- Stored data:
◇ ◇ ◇

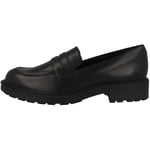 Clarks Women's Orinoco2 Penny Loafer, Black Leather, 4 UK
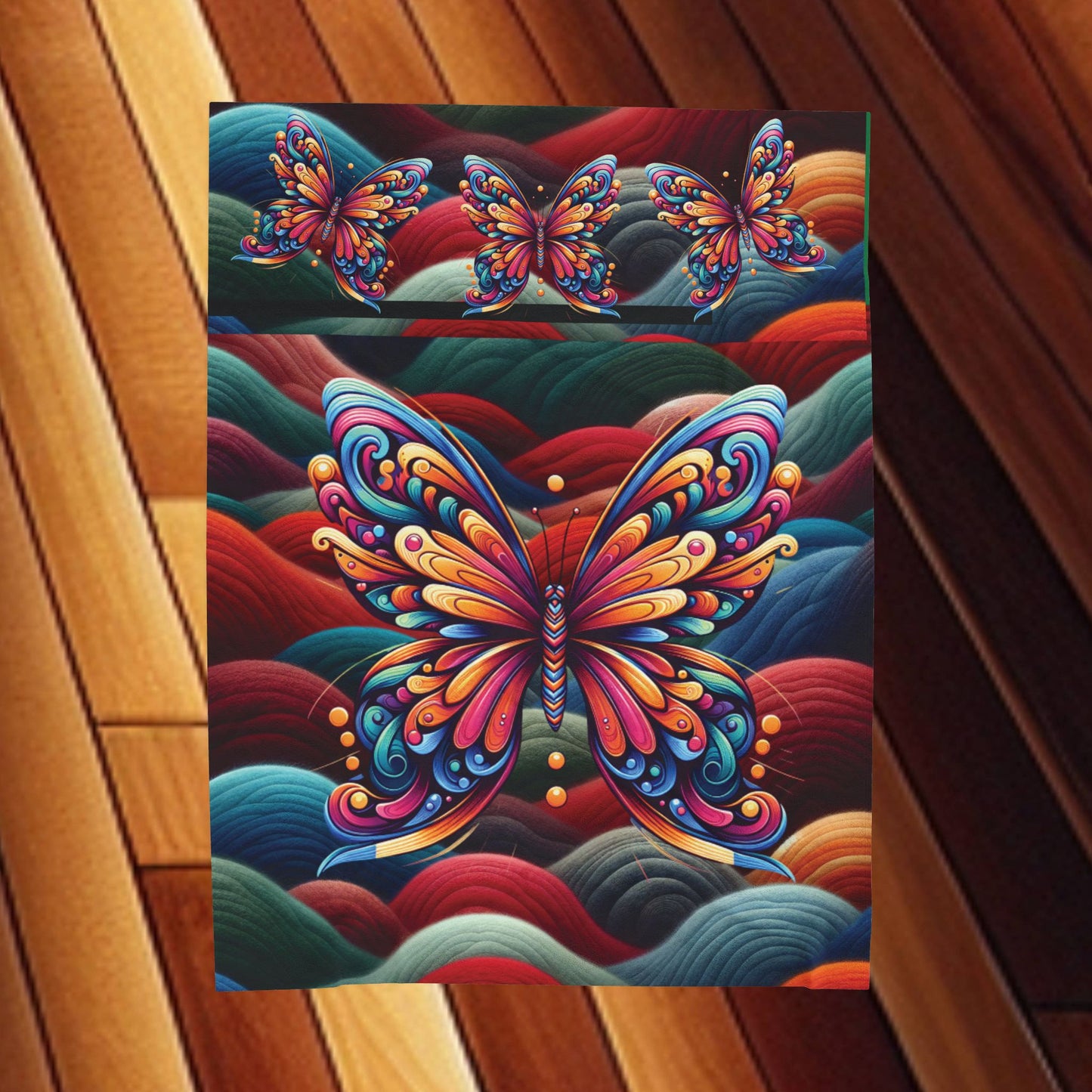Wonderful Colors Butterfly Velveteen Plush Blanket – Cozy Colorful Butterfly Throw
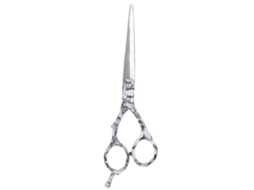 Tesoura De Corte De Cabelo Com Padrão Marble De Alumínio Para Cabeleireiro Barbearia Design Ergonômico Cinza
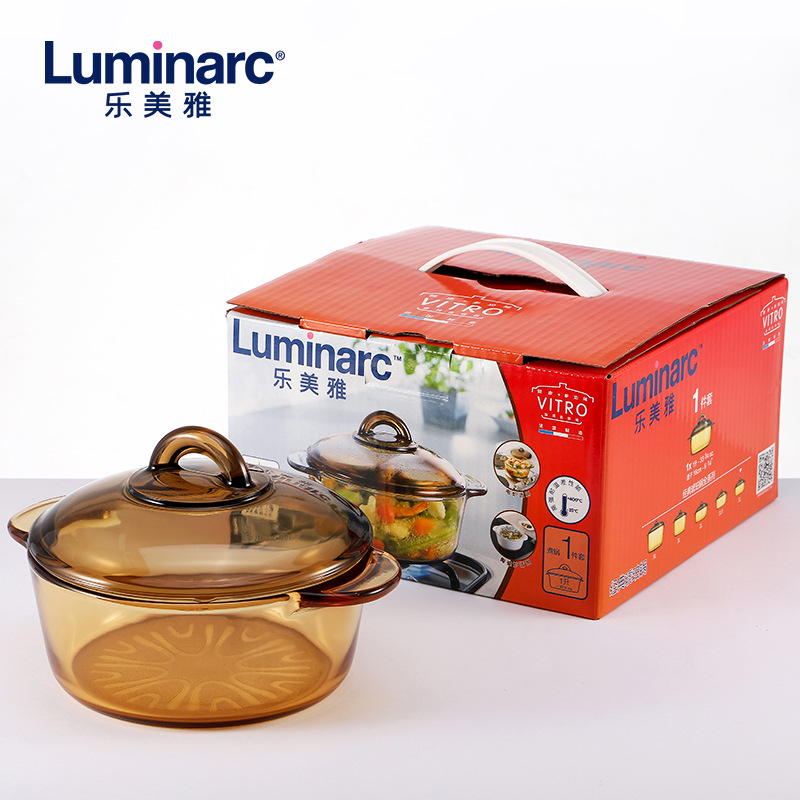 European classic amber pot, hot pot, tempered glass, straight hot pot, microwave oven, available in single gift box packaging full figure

◇ ◇ ◇

- Exercise brief: From the line containing "Tesoura De Corte" through the final line of the listing, copy every line exactly and nothing else. Skip the pictures.

- Completed exercise:
 Tesoura De Corte De Cabelo Com Padrão Marble De Alumínio Para Cabeleireiro Barbearia Design Ergonômico Cinza
 European classic amber pot, hot pot, tempered glass, straight hot pot, microwave oven, available in single gift box packaging full figure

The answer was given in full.